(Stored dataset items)
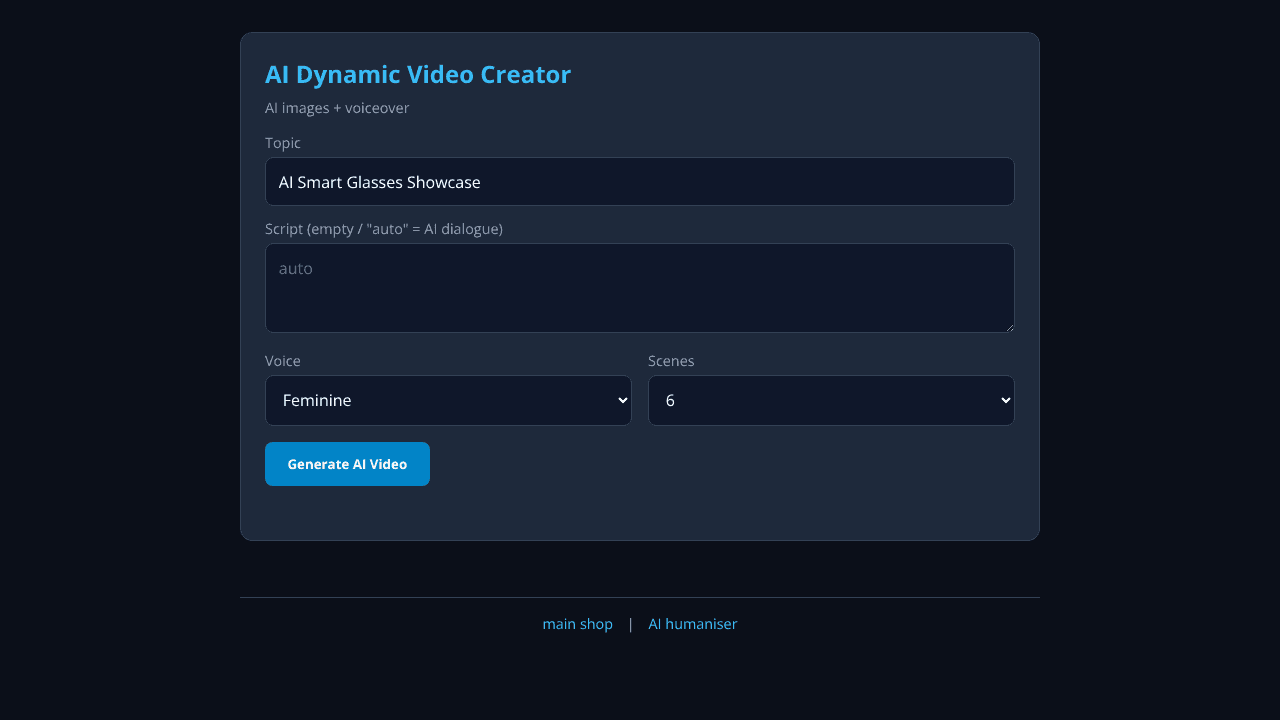 Free video Creator  website screenshot
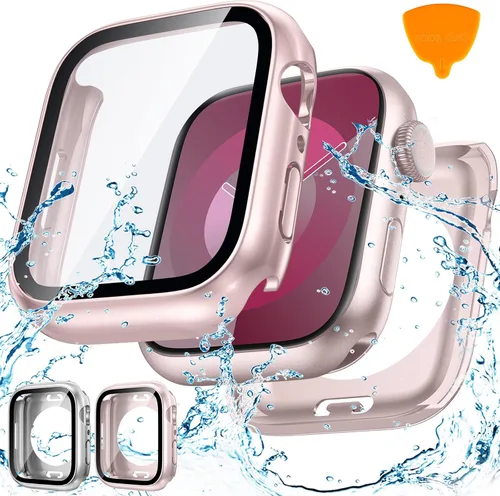 Vista 9 de Goton - 2 fundas para protector de pantalla de Apple Watch de 40 mm, series 6/5/4, SE 3/2/1, funda de protección de PC impermeable con vidrio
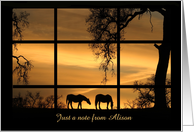 Horse and Oak Trees Sunset Fine Art Photography Blank Note Personalize card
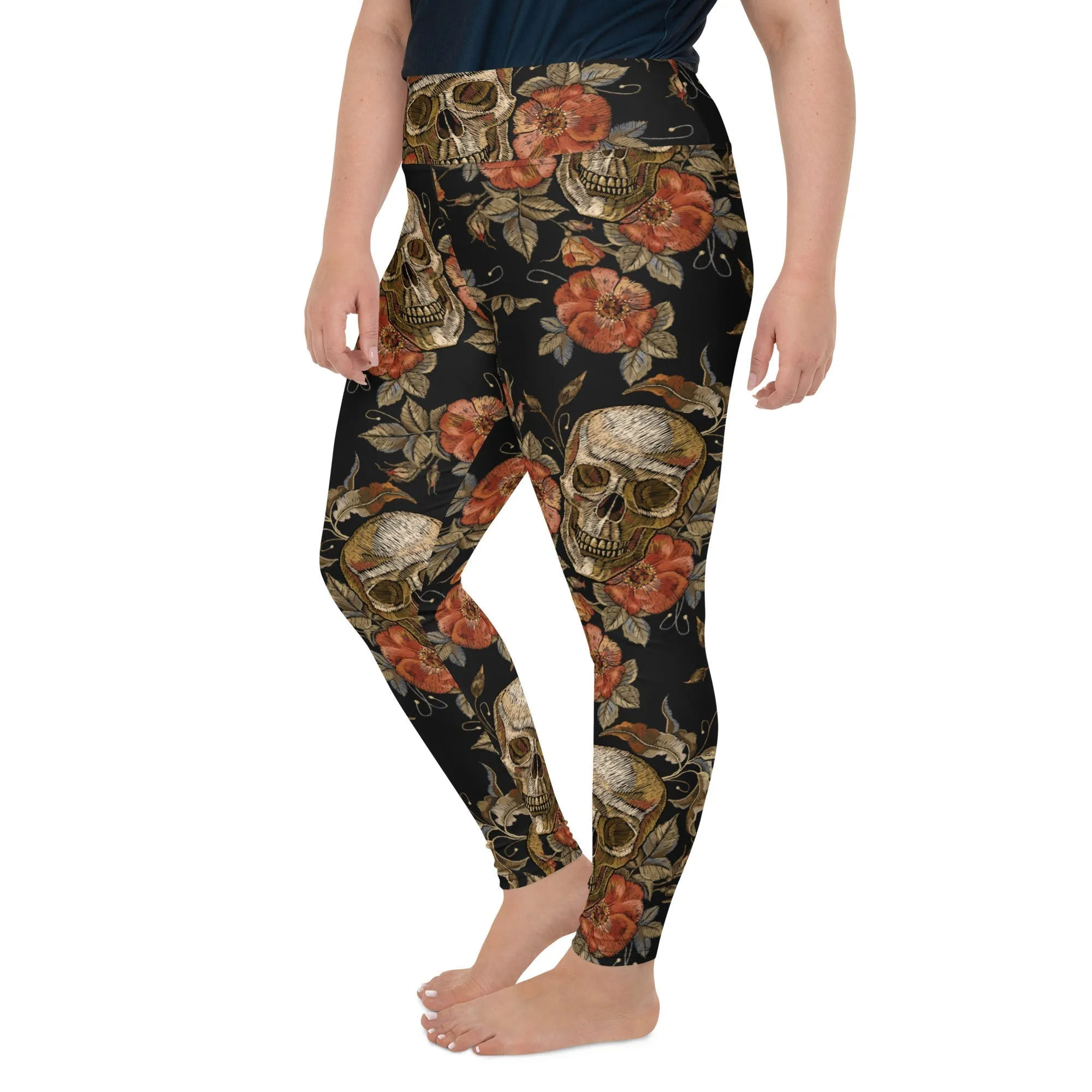 Embroidery Print Skull Plus Size Leggings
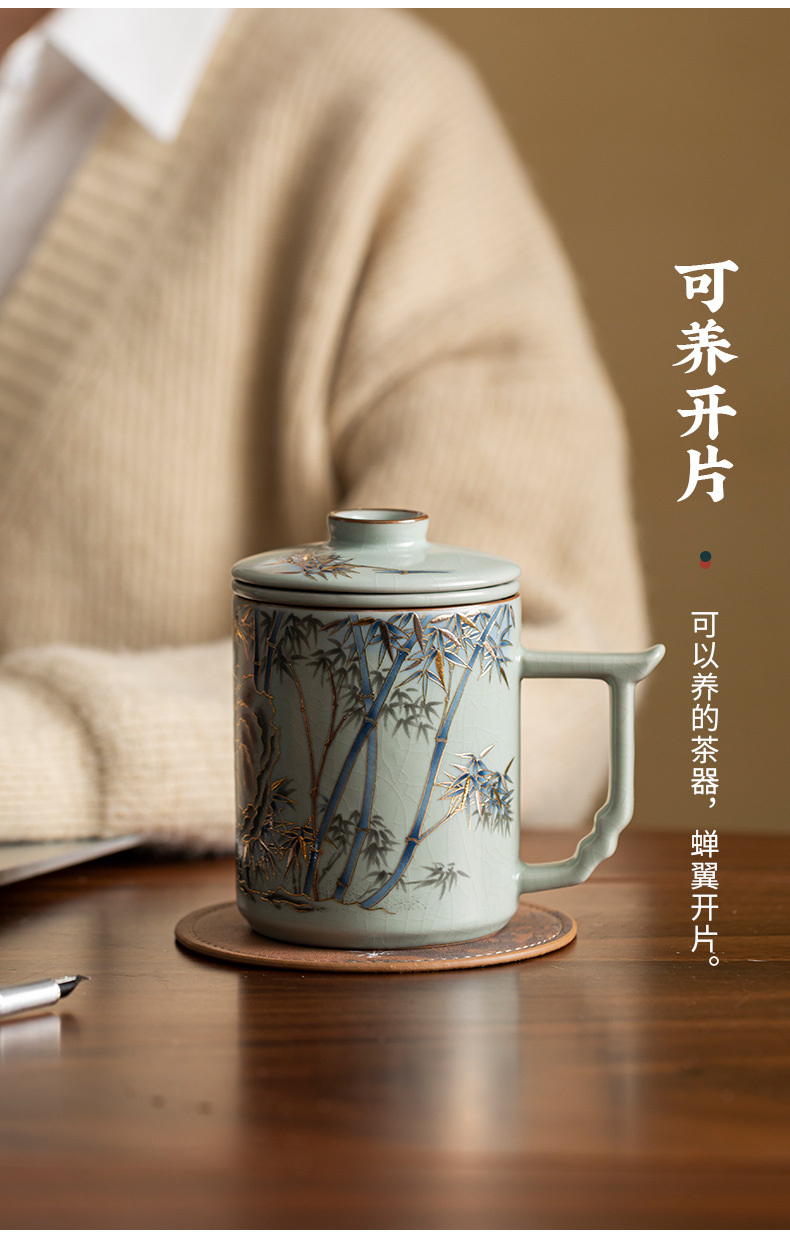 Rongshantang Gilded Ru Kiln office cup, Ceramic belt filter Ru Kiln tea cup, tea-water separation business conference tea cup pic 9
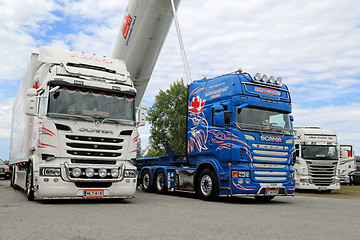 Image showing Three Scania Heavy Show Trucks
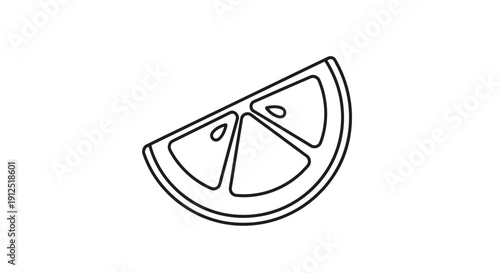 Simple Outline Drawing of a Citrus Fruit Slice.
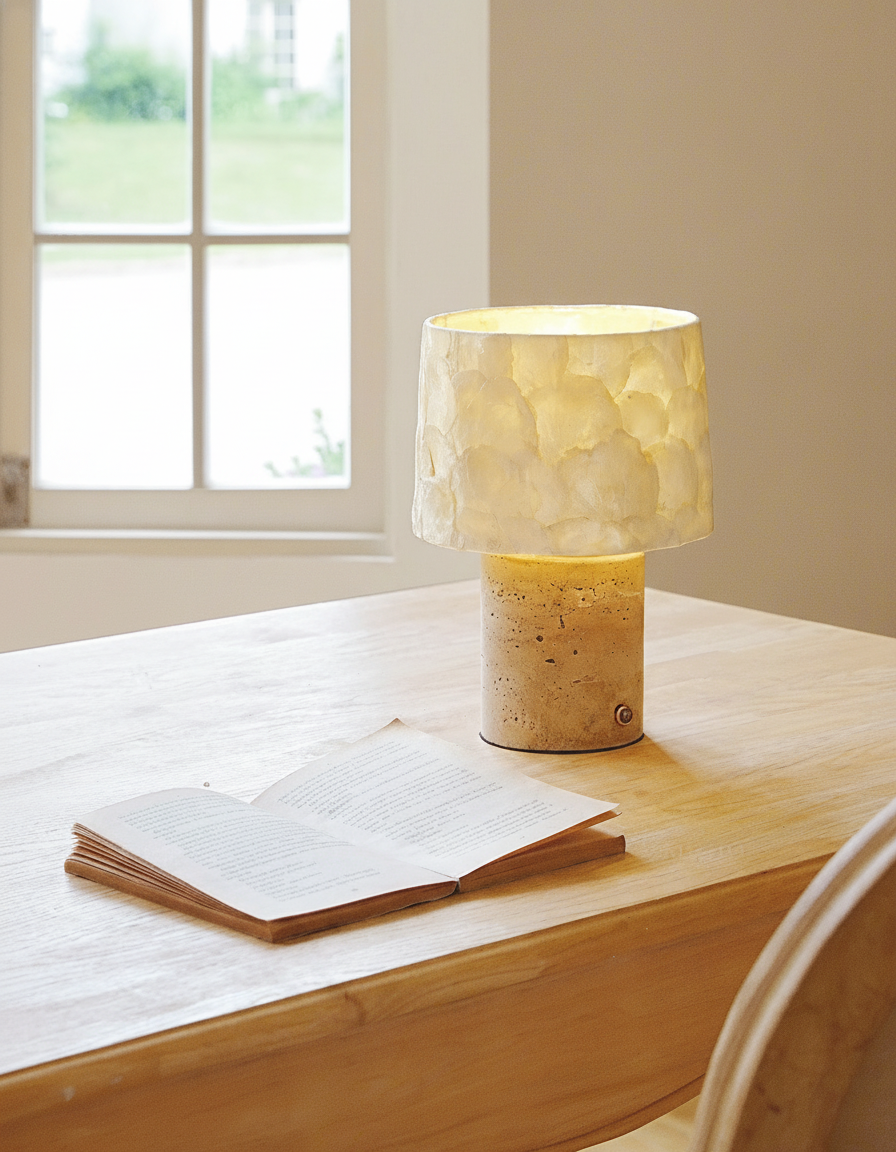 Alabera Curated Yellow Travertine Table Lamp – macro detail view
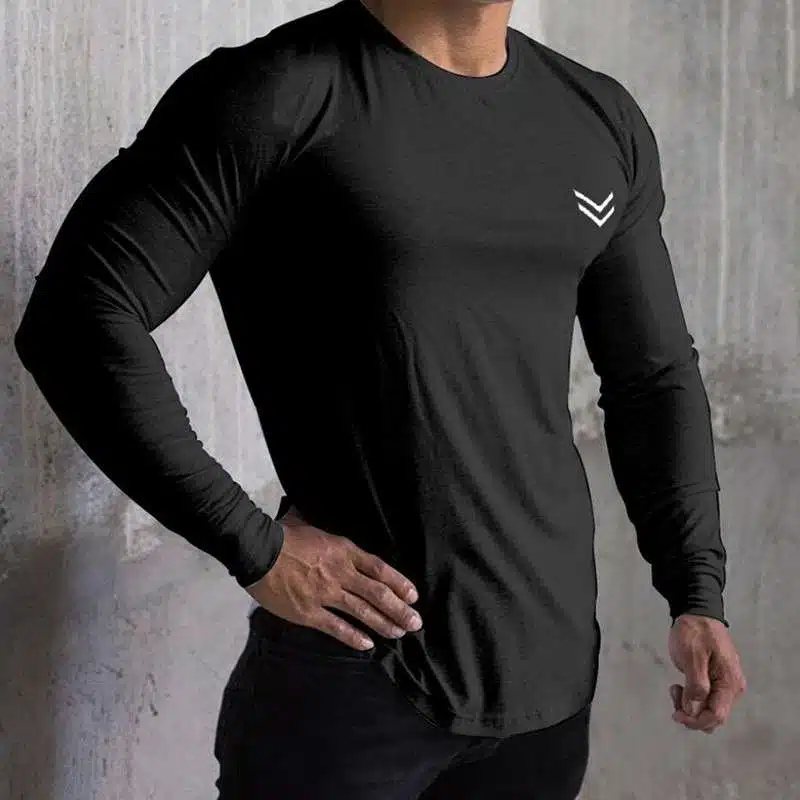 Long Sleeve Bodybuilding T-Shirt - Black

→ Exercise goal
Word for word, retype all of the data above, but include no pictures.

→ Final answer
 Free video Creator  website screenshot
 Vista 9 de Goton - 2 fundas para protector de pantalla de Apple Watch de 40 mm, series 6/5/4, SE 3/2/1, funda de protección de PC impermeable con vidrio
 Horse and Oak Trees Sunset Fine Art Photography Blank Note Personalize card
 Embroidery Print Skull Plus Size Leggings
 Rongshantang Gilded Ru Kiln office cup, Ceramic belt filter Ru Kiln tea cup, tea-water separation business conference tea cup pic 9
 Image showing Three Scania Heavy Show Trucks
 Simple Outline Drawing of a Citrus Fruit Slice.
 Alabera Curated Yellow Travertine Table Lamp – macro detail view
 Long Sleeve Bodybuilding T-Shirt - Black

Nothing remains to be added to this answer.